Icellars Wiyana Wanda 2016 ($85, re-tasted, 93 points) — This is the top wine made at the estate, chosen from the best blocks grown at Icellars and culled from the best barrels. The blend is 63% Cabernet Sauvignon, 20% Merlot, 11% Cabernet Franc and 6% Malbec all aged separately for 12 months in all French oak, blended together and aged a further 12 months. It’s bottled unfined and unfiltered. Adnan takes great pride in his extensive “research” as he embarked on starting a winery with little experience. He travelled to famous wine regions and tasted his way through as many wines as he could at some of the most iconic wineries on the planet. One that had a particularly profound affect on Adnan was the famed Opus One winery in Napa Valley. Opus One is the inspiration for this wine. It’s a nice tribute to his journey to get this far this fast and, frankly, an incredible story of triumph over what would seem the impossible — to make a wine at this level from scratch with limited experience in a country he only arrived in 14 years ago. But here we are, and this wine is a wonder. It’s just beginning to open up with rich black currants, blackberries, kirsch, raspberry bramble and eucalypt. The underlying meaty notes and earth, woodsy spices and depth of aromas just keep coming. It’s bold, rich, thick and loaded with dark fruits on the palate, the kind of ripe dark berries you don’t always see in Niagara Cab-based wines, with notes of earth, wonderful oaky spices all layered and complex and leading to a long, finessed finish. It’s too early to drink this wine with so many moving parts and all that tannic power, but wait for it, and you will be rewarded with a very nice Niagara cab blend. Cellar 10-15 years.
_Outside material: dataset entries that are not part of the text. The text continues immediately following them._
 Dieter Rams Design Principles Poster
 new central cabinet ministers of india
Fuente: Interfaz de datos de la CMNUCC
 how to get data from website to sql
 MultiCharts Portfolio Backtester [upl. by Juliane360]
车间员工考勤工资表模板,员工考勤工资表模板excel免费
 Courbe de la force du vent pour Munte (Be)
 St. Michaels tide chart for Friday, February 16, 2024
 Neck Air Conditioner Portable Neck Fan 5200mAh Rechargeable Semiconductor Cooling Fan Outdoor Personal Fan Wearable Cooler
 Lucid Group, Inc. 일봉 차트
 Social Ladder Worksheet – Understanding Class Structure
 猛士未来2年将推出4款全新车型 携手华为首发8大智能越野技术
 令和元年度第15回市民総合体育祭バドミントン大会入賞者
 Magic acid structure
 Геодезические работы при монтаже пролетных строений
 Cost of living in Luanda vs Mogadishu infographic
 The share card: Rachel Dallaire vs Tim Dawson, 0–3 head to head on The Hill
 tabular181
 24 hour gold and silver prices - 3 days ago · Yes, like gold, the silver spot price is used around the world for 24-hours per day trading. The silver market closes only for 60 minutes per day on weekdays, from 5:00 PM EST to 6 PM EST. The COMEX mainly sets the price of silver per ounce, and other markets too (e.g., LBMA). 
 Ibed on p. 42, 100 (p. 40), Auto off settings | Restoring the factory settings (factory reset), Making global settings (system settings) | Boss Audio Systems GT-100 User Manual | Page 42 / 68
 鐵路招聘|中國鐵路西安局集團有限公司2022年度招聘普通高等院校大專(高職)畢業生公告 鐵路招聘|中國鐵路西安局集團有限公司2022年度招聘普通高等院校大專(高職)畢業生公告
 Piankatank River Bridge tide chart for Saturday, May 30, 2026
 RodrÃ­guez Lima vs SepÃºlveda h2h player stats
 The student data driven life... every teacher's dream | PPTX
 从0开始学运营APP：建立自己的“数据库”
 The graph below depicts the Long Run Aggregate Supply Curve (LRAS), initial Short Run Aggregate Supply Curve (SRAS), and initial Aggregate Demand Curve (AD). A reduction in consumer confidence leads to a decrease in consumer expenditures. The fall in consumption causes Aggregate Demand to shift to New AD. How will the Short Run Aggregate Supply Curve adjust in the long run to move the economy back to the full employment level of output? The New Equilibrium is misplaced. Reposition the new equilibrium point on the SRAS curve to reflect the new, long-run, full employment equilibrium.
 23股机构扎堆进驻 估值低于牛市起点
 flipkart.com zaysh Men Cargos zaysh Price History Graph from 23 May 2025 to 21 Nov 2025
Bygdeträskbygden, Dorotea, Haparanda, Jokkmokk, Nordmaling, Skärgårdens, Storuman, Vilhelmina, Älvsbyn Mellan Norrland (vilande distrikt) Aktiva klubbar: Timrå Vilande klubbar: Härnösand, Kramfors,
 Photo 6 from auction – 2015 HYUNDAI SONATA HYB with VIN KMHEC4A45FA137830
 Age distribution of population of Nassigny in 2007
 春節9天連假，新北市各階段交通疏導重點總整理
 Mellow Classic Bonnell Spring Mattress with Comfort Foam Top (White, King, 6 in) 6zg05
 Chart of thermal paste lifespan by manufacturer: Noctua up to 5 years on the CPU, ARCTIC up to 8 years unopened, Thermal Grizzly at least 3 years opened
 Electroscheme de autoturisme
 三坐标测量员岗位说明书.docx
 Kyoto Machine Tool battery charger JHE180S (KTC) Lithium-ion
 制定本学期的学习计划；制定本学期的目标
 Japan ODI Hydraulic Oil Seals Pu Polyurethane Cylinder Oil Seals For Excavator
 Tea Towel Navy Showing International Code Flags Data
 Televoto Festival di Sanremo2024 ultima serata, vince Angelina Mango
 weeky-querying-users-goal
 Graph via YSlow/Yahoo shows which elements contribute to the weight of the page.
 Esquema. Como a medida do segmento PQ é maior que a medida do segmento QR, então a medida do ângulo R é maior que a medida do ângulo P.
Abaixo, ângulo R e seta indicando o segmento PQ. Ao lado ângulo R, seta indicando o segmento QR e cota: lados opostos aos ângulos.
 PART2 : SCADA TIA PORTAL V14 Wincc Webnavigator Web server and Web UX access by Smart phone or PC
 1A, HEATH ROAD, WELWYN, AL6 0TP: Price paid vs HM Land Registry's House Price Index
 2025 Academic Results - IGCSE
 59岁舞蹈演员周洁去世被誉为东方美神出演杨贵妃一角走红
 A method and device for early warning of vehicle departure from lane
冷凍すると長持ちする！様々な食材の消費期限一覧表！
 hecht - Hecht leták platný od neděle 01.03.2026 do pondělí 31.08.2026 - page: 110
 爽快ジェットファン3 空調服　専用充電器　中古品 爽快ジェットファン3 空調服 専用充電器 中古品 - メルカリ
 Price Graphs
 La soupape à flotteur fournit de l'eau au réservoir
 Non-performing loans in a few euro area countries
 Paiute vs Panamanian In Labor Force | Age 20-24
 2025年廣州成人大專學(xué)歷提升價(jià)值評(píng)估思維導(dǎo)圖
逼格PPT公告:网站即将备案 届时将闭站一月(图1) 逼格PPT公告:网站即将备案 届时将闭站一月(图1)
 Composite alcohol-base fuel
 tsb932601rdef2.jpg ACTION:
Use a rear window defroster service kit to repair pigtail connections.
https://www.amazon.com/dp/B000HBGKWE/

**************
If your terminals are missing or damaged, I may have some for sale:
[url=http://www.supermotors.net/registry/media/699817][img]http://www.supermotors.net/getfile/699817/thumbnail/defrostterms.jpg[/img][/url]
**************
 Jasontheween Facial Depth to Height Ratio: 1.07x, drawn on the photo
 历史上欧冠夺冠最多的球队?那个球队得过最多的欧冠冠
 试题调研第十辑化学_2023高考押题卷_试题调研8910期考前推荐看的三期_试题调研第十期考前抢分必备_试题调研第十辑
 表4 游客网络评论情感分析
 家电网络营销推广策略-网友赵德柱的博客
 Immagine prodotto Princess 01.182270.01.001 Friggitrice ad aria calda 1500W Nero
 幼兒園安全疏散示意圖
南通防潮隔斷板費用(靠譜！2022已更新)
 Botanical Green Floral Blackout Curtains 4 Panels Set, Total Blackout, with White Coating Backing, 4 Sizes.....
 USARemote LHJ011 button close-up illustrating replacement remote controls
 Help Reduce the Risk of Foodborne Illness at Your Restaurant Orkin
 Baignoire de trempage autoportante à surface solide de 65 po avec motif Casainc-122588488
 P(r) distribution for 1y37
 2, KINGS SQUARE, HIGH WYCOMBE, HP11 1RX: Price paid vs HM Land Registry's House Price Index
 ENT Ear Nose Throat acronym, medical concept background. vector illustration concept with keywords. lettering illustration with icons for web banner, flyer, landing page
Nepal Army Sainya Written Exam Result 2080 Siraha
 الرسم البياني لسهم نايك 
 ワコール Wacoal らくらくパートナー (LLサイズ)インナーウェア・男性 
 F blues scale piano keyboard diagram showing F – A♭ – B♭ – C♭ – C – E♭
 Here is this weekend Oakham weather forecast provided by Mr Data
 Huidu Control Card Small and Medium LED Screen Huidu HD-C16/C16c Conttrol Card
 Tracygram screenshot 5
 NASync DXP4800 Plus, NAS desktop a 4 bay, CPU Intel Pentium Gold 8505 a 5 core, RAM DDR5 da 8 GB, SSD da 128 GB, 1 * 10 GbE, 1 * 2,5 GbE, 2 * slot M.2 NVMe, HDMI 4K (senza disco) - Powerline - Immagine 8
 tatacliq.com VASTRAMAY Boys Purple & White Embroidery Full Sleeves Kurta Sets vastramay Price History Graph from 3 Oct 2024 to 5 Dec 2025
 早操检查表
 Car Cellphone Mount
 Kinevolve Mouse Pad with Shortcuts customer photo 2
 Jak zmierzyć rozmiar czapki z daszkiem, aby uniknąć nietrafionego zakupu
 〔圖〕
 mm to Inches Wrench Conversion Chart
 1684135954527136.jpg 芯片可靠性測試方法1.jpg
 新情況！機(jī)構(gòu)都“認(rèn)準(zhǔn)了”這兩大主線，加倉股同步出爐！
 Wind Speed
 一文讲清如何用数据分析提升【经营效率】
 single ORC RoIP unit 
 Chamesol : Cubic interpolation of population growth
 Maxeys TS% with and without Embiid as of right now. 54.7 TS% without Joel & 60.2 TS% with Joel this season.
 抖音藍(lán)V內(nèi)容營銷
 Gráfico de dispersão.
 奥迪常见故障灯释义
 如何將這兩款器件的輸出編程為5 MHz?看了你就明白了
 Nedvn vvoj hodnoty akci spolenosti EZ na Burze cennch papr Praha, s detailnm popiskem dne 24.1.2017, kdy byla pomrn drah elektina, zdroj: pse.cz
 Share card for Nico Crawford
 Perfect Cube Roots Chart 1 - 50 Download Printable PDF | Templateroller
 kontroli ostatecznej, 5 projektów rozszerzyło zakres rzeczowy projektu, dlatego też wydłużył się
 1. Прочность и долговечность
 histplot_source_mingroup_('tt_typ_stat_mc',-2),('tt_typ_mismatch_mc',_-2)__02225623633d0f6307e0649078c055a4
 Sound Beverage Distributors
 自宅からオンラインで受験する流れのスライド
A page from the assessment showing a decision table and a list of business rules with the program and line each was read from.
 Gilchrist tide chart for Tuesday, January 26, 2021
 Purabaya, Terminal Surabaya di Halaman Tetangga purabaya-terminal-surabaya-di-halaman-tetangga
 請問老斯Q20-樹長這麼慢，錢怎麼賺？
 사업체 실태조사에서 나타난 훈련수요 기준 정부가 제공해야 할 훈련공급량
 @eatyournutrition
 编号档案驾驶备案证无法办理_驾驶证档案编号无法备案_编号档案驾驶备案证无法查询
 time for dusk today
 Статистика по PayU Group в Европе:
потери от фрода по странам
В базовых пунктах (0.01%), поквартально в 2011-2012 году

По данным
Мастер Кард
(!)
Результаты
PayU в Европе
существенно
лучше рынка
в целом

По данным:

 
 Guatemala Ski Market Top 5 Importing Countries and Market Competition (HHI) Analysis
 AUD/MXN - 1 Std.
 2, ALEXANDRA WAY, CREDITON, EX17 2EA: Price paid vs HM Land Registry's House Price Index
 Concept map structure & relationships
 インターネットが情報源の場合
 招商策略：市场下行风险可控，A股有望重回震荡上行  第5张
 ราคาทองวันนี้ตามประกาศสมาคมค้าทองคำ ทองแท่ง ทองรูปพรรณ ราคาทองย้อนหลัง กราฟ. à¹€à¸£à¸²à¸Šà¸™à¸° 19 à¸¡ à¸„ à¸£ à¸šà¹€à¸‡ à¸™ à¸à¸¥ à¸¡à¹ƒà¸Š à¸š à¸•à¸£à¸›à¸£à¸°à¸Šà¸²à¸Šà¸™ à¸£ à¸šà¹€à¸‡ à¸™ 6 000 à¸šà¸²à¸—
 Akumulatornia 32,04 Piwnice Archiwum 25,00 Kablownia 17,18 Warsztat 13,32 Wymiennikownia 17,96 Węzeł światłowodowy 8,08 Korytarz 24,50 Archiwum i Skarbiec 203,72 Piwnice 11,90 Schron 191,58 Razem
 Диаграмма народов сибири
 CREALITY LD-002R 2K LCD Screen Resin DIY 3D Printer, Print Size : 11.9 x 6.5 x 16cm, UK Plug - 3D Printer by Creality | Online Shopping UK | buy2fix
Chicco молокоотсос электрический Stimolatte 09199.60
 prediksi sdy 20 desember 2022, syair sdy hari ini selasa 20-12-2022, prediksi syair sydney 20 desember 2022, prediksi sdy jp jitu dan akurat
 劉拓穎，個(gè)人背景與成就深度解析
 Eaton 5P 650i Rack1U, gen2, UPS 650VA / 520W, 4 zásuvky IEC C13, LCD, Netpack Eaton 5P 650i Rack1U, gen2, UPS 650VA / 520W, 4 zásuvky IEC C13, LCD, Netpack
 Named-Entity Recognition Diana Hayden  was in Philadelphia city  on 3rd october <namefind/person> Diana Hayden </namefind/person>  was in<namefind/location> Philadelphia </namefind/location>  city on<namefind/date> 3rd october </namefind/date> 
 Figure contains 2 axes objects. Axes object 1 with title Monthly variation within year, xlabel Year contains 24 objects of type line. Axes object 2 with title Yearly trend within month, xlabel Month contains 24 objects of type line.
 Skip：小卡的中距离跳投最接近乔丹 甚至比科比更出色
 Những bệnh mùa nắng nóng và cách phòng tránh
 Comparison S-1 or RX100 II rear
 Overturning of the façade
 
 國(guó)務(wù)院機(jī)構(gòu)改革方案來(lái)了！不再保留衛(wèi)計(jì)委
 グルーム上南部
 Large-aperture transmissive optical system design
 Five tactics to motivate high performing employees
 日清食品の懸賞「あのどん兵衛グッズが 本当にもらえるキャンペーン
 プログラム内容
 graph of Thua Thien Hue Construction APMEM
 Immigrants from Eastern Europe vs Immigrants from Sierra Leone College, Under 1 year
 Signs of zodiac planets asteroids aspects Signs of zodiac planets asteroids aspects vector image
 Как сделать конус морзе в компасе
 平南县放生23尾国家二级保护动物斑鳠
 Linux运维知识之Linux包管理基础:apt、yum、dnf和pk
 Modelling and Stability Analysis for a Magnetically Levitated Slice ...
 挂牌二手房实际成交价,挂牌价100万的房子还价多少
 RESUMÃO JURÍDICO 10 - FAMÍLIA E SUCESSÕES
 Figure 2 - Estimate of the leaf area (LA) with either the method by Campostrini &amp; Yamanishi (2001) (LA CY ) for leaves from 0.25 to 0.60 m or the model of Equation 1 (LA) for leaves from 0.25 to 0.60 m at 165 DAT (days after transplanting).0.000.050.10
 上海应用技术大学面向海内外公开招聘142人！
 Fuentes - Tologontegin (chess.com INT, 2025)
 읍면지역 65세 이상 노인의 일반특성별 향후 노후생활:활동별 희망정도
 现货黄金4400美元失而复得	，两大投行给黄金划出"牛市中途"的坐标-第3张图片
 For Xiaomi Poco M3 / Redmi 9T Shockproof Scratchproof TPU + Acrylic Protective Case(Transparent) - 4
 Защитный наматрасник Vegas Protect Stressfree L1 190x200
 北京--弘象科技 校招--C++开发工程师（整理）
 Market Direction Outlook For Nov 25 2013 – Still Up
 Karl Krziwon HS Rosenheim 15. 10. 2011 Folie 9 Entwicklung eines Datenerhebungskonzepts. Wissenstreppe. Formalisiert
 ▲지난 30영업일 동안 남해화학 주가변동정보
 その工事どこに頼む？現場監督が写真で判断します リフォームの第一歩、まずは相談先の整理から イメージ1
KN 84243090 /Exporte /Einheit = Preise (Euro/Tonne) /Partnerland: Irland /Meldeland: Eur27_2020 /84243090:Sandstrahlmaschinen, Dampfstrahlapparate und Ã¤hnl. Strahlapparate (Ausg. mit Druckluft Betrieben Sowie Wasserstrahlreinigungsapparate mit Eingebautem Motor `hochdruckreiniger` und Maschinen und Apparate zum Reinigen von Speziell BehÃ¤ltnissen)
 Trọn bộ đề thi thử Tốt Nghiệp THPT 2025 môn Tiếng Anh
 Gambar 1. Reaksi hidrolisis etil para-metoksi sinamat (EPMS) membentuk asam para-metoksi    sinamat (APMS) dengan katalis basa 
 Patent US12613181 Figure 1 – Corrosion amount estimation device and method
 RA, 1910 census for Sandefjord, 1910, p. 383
Icellars Red Velvet 2019 ($140) — This is perhaps the most unique Niagara wine I have ever tasted; there is nothing to compare it to. When tasted, it was only bottled two days before and unfair to really review this seriously or score it. I will endeavour to get back to it in a month or two. But here are my early notes. This is the first appassimento style made by Adnan and his team. The Cabernet Sauvignon (67%) was dried on racks right in the tasting facility while the two other components — Malbec (22%) and Merlot (11%) — were not dried. The Cab Sauvignon was picked on Dec. 7, 2019 in what Icel calls “the latest picking day in the Northern hemisphere” in 2019. “We probably broke a world record.” It was actually picked after a lot of the icewine in the region had been harvested and the berries were well on their way to shriveling up before they hit the drying phase and, in fact, only needed a 14 days of drying to raise the Brix nearly 10 degrees. It was aged for 24 months in three oak barrels, one new and the other two used and the wine was finished at nearly 16% abv (and likely higher). Amazingly, there is only 2.5 g/l of sugar in this wine, but, with the super-ripe fruit, it feels like much more. Such a crazy nose, not unlike an icewine smells without all the sweet honey notes, with Damson plums, compoted raspberries, kirsch, Sultana raisins, anise, red licorice, sweet spice notes and minty herbs. It is super concentrated and ripe on the palate with layers of compoted dark berries, kirsch, eucalypt, plums, raisiny notes, thick oak spices, vanilla bean and a long, boozy finish that I am anticipating will melt into the wine somewhat with long aging. I do not know where this wine is going for sure, but I do know that I want to follow its progression.

The icewines

Icellars Cabernet Franc Icewine 2019 ($48 for 200 mL, 92 points) — After getting frustrated with consumers thinking the name of the winery was related to icewine, Icel finally relented and decided it was time to actually make one to appease those who ventured to Icellars in search of that sweet style of wine. He says he will only make it every three years or so and the 2016 Riesling version (poured along with this and previously reviewed) was followed by this 2019 Cab Franc version. This is the first estate icewine and was finished with 153 g/l of residual sugar and a whopping 13.6% abv, rather on the high side for icewine. It shows a rich mix of compoted red berries, herbs and a touch of crème de cassis. It’s luxurious on the palate with mulled red berries, pronounced raspberry jam notes in an elegant and somewhat fresh (for an icewine) style that will benefit from aging.